=== DATA SECTION ===
--

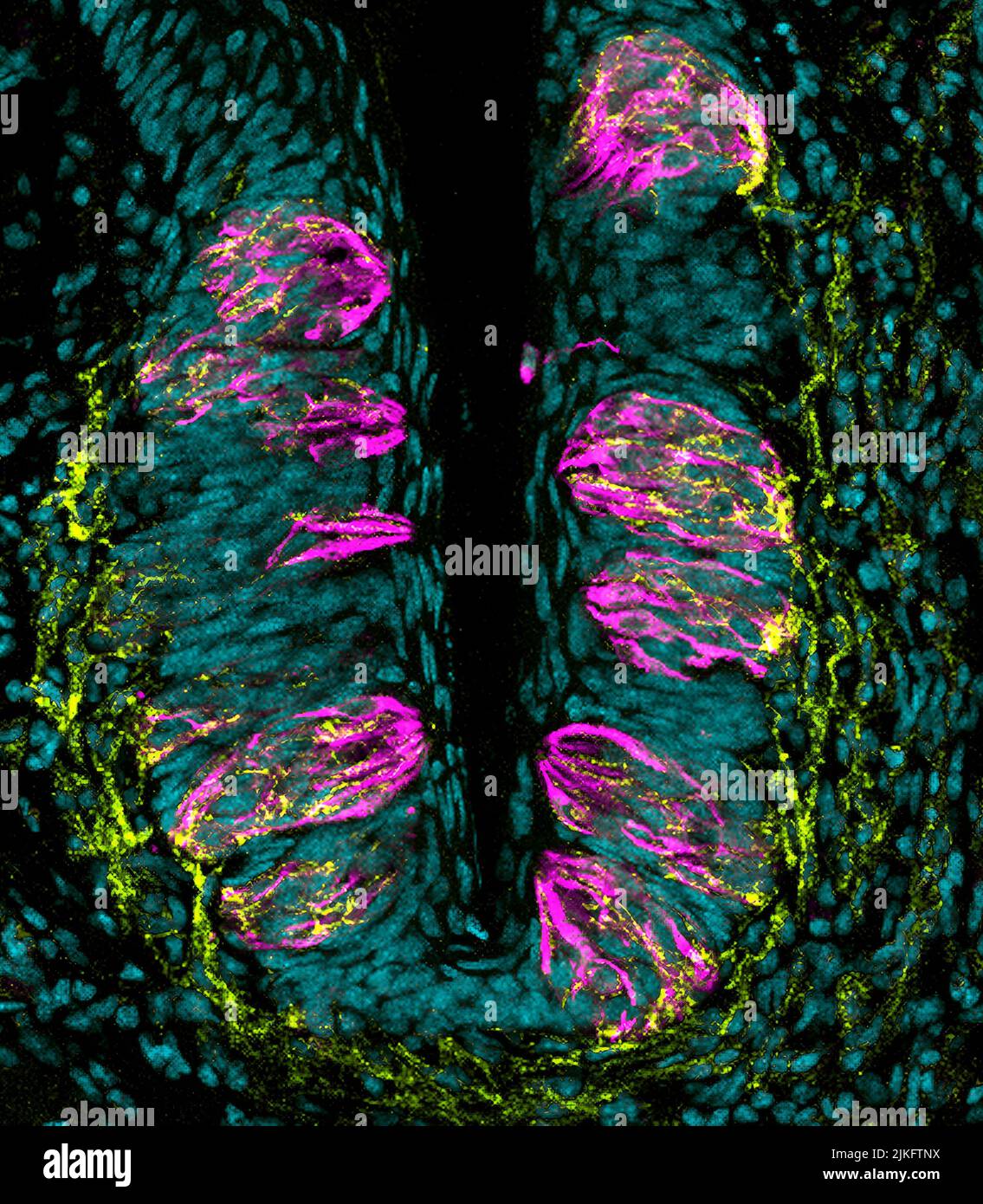 Une structure sur la langue un bourgeon de goût contient des bourgeons de goût (rose) qui envoient des informations au cerveau par des fibres nerveuses de goût (jaune). Chaque bourgeon de goût de cellules qui répond à des goûts spécifiques doux, amer, umami, salé, aigre ou gras contient. Les chercheurs étudient comment les papilles sont submergées à l'âge adulte. Les personnes qui ne régénèrent pas entièrement leurs papilles en raison d'un traitement contre le cancer, par exemple, peuvent souffrir d'une perte d'appétit et de malnutrition. Banque D'Images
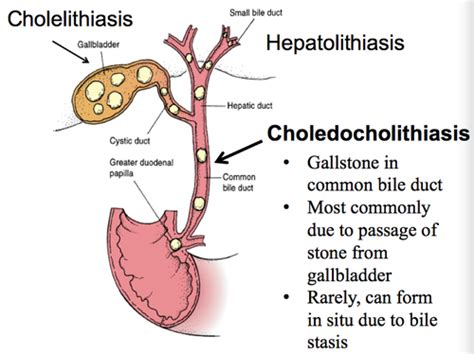 Cholangitis Triad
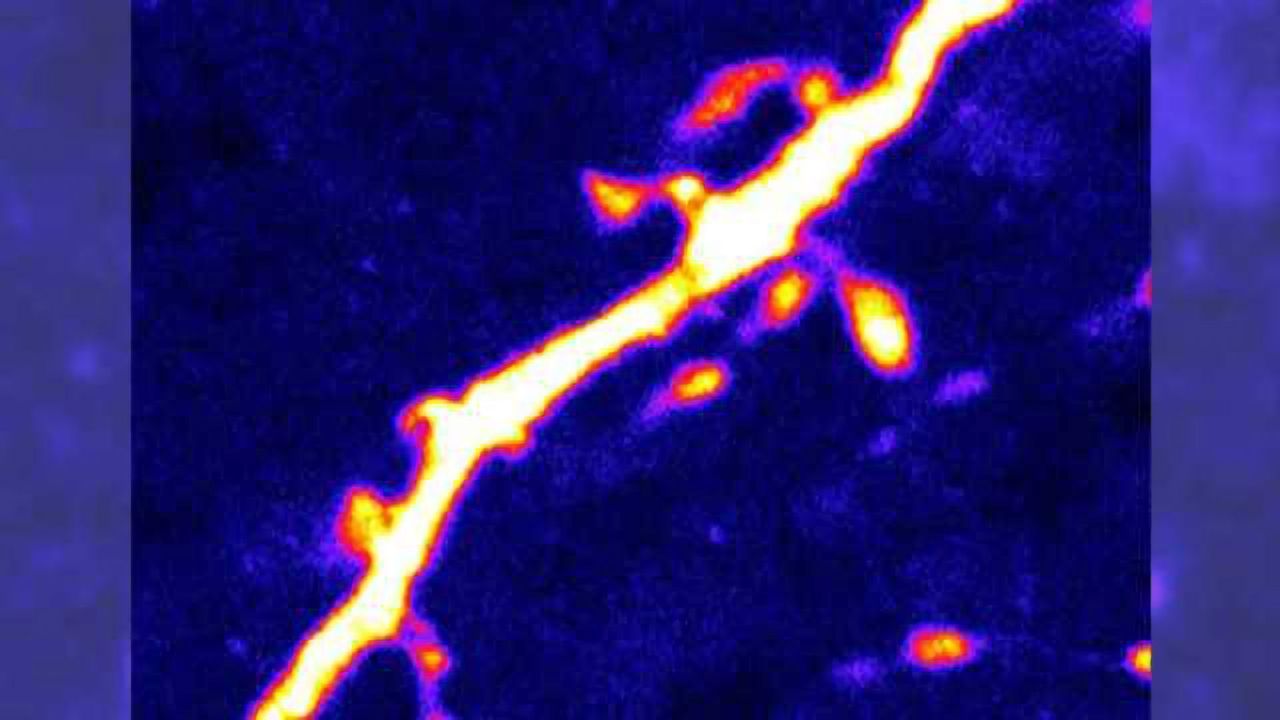 'Hunger' neurons in the brain are regulated by protein activated during fasting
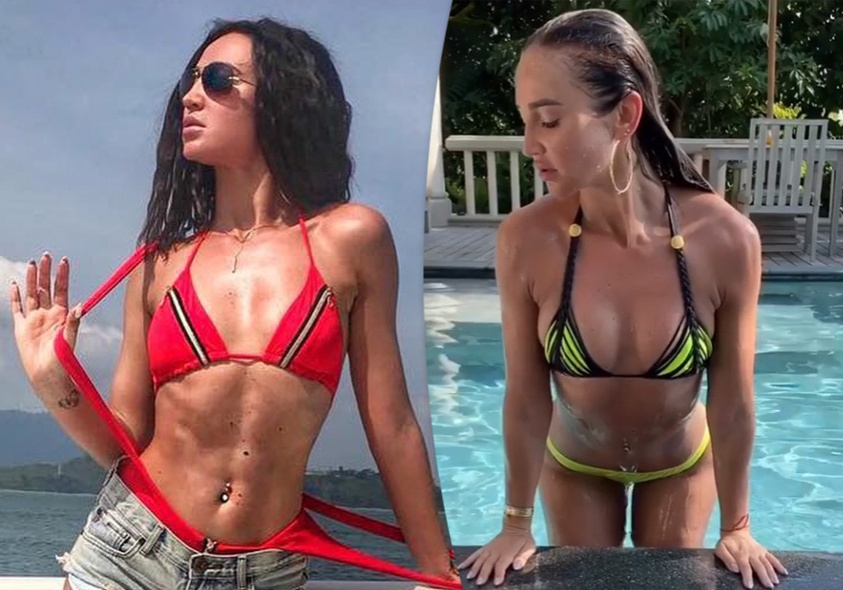 Did Olga Buzova Enhance Her Look? A Plastic Surgeon's Insight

--

=== ABOUT THIS TASK ===
Transcribe every line of the data exactly. No pictures go in the copy.

=== ANSWER SECTION ===
 Une structure sur la langue un bourgeon de goût contient des bourgeons de goût (rose) qui envoient des informations au cerveau par des fibres nerveuses de goût (jaune). Chaque bourgeon de goût de cellules qui répond à des goûts spécifiques doux, amer, umami, salé, aigre ou gras contient. Les chercheurs étudient comment les papilles sont submergées à l'âge adulte. Les personnes qui ne régénèrent pas entièrement leurs papilles en raison d'un traitement contre le cancer, par exemple, peuvent souffrir d'une perte d'appétit et de malnutrition. Banque D'Images
 Cholangitis Triad
 'Hunger' neurons in the brain are regulated by protein activated during fasting
 Did Olga Buzova Enhance Her Look? A Plastic Surgeon's Insight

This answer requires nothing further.